## WORK TASK
A line below contains "GUILD OM-240E Acoustic", and a later one contains "Asymmetrical Knit Top - Picture 3 of 3". Repeat both, with every line between them, exactly.

DATASET ENTRIES: Begin

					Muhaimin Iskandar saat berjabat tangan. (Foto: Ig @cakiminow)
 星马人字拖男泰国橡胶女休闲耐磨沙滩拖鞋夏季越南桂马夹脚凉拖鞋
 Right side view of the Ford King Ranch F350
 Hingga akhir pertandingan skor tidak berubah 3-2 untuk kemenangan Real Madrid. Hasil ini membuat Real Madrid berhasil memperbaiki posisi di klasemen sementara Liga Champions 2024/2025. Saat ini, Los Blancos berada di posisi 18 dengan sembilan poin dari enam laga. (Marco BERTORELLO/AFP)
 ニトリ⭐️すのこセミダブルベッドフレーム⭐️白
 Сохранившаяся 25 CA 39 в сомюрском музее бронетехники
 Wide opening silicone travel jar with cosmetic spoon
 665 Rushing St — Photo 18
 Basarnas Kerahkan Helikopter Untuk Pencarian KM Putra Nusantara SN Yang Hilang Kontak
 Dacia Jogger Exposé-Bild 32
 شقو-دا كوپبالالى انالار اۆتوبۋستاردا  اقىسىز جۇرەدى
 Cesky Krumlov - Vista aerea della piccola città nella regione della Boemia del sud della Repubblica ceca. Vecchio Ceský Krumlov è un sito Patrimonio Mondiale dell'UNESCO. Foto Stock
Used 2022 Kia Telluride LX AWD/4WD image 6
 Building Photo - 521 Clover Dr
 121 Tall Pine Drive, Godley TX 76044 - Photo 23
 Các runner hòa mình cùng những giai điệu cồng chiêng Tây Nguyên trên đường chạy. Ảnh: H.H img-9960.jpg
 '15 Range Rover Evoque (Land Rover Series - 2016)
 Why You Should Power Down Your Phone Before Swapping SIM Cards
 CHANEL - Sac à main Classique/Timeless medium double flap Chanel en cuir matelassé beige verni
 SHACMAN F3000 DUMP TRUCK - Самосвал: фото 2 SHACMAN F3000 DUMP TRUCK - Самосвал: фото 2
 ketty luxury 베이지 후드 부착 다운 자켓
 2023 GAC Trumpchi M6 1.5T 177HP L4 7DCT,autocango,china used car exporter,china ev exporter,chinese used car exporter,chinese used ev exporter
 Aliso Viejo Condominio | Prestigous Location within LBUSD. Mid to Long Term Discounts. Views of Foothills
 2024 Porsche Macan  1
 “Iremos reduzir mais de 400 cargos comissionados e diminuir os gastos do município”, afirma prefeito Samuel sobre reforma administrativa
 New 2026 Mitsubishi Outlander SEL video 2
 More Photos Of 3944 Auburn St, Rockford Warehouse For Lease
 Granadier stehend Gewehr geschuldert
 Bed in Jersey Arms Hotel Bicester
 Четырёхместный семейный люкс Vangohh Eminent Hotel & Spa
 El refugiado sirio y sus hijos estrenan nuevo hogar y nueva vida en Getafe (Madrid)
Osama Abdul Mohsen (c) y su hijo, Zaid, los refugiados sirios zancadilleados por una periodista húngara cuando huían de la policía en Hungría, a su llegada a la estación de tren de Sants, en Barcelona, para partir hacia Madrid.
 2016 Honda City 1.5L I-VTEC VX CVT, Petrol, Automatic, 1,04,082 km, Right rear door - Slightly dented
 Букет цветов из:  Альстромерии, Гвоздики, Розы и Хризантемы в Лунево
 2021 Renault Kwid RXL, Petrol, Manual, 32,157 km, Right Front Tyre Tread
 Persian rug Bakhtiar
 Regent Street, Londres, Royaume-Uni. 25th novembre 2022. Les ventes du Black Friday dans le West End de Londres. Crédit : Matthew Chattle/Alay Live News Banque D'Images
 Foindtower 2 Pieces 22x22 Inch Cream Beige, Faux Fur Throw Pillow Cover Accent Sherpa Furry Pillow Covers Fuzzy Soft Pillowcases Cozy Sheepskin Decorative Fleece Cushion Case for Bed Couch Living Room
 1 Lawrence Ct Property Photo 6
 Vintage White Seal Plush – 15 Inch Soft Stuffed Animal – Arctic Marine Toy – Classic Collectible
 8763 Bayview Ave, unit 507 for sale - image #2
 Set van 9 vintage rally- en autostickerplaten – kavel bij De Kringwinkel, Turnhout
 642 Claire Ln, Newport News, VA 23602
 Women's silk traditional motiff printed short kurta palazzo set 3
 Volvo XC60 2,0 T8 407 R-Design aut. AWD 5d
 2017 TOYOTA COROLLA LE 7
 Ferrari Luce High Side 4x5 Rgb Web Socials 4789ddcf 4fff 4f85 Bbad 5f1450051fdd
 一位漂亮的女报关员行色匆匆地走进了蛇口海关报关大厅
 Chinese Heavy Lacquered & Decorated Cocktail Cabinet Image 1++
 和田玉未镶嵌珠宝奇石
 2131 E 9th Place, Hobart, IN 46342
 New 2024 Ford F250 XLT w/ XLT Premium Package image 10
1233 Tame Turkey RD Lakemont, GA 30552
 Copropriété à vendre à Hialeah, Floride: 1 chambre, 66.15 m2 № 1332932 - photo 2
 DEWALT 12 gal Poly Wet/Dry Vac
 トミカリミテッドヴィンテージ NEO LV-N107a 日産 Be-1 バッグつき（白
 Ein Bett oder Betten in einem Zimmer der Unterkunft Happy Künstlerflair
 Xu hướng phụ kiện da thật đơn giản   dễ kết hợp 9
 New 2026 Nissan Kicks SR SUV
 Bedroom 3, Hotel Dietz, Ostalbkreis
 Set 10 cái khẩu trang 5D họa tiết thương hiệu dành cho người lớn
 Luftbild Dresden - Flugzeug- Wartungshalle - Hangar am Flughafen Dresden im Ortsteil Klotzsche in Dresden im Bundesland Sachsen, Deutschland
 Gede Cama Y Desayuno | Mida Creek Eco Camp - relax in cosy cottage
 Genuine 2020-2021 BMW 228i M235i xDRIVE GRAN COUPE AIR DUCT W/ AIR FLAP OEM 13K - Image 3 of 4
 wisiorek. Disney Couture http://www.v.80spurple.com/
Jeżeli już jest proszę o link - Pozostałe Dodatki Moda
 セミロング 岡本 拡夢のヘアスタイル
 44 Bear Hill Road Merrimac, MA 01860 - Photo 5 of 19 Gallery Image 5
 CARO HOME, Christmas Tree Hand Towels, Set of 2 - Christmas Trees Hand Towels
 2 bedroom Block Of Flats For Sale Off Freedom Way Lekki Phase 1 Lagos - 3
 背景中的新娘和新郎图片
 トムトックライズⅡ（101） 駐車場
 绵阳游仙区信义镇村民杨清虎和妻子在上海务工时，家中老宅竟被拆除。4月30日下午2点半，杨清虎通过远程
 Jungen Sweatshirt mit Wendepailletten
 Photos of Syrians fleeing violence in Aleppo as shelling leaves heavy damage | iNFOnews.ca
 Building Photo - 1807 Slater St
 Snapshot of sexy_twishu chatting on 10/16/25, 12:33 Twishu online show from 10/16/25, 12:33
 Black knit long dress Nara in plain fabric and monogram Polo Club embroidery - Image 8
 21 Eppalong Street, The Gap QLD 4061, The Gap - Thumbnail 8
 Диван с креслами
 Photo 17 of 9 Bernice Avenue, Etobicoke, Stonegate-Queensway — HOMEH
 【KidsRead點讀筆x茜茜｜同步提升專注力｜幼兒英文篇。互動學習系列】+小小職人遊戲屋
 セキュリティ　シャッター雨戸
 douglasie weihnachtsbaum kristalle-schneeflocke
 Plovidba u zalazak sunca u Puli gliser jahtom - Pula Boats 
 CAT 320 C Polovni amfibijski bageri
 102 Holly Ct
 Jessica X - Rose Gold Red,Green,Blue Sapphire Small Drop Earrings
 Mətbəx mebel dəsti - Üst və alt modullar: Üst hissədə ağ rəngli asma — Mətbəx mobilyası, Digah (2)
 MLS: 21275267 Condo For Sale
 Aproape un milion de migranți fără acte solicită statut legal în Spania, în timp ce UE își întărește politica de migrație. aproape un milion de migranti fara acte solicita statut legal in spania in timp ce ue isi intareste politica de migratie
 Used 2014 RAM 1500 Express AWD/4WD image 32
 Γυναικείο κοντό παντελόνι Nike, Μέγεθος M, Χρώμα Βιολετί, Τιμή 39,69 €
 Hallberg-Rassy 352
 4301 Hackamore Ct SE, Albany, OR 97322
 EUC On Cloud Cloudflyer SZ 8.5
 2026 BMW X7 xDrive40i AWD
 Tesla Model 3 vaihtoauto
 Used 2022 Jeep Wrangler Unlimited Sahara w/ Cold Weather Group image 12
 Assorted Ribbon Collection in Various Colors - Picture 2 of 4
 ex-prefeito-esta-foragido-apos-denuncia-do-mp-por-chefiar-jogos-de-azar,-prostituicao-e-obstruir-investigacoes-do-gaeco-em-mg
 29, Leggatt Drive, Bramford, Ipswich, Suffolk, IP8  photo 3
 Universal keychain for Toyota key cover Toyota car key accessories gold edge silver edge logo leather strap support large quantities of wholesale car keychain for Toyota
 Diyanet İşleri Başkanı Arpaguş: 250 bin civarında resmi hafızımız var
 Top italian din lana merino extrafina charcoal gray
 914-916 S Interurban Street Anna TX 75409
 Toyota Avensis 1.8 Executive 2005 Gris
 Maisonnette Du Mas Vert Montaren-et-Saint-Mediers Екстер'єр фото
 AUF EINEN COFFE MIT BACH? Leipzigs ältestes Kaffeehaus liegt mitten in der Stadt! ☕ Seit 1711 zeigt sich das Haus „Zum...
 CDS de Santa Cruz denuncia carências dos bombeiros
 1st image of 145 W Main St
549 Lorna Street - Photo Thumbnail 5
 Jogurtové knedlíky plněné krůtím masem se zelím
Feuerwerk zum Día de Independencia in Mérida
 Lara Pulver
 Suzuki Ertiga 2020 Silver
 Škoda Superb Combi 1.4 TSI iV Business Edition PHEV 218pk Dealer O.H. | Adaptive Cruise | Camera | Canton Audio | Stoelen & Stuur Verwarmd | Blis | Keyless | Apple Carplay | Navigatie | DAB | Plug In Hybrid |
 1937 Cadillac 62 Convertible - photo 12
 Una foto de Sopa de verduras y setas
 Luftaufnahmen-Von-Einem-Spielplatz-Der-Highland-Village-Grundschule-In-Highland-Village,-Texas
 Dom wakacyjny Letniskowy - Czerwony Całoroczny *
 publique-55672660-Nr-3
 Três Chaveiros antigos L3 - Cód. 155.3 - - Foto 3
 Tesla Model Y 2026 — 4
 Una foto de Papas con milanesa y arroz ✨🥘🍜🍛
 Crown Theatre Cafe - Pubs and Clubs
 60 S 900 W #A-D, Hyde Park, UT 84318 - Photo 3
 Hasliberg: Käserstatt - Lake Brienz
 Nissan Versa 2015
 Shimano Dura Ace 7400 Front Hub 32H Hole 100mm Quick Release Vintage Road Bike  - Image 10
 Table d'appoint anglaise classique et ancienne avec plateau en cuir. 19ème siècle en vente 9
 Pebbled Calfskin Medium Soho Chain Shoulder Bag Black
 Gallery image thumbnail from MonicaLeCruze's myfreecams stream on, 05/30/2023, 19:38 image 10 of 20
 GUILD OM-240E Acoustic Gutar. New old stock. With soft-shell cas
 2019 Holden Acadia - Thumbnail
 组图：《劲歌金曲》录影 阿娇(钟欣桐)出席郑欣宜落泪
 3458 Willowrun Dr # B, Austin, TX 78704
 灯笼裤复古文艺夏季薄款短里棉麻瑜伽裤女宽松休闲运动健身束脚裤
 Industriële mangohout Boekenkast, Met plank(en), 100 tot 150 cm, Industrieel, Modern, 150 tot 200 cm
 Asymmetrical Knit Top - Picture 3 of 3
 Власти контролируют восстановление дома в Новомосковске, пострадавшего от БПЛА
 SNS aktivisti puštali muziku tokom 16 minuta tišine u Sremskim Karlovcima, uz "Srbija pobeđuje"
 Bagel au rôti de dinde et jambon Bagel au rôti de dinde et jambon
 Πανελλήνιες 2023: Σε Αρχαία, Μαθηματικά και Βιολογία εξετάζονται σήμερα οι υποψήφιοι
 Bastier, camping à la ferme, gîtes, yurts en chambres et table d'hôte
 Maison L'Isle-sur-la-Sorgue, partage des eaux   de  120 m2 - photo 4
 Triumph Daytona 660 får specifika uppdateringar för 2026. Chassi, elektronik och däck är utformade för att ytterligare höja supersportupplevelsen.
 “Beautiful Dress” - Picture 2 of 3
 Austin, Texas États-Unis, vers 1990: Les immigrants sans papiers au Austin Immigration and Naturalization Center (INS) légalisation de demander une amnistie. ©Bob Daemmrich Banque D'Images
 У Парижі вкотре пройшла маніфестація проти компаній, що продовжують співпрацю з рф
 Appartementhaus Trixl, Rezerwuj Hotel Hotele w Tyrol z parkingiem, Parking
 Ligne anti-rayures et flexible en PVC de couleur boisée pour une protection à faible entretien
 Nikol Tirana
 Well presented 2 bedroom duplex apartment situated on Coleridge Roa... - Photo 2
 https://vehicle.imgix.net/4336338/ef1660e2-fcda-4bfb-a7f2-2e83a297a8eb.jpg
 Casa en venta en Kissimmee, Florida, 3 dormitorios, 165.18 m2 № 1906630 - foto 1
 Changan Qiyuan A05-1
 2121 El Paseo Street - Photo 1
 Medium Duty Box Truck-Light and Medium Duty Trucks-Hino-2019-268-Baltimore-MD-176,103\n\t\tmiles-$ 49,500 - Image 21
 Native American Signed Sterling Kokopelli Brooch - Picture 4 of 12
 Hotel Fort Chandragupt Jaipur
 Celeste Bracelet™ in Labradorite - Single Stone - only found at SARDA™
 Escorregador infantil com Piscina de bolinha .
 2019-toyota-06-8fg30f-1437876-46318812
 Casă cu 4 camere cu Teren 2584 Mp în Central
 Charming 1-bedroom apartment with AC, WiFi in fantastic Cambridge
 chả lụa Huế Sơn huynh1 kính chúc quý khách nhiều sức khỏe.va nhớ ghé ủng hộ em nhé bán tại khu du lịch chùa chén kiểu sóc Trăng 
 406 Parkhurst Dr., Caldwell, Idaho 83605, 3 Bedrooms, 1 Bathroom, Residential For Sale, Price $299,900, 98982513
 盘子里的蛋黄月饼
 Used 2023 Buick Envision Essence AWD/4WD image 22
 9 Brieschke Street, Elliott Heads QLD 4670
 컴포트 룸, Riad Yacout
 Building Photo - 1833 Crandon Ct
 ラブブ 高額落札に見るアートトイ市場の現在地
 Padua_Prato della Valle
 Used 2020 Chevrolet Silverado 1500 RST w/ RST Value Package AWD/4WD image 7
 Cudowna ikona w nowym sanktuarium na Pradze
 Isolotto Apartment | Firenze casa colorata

DATASET ENTRIES: End

## RESULT OF THE EXERCISE
 GUILD OM-240E Acoustic Gutar. New old stock. With soft-shell cas
 2019 Holden Acadia - Thumbnail
 组图：《劲歌金曲》录影 阿娇(钟欣桐)出席郑欣宜落泪
 3458 Willowrun Dr # B, Austin, TX 78704
 灯笼裤复古文艺夏季薄款短里棉麻瑜伽裤女宽松休闲运动健身束脚裤
 Industriële mangohout Boekenkast, Met plank(en), 100 tot 150 cm, Industrieel, Modern, 150 tot 200 cm
 Asymmetrical Knit Top - Picture 3 of 3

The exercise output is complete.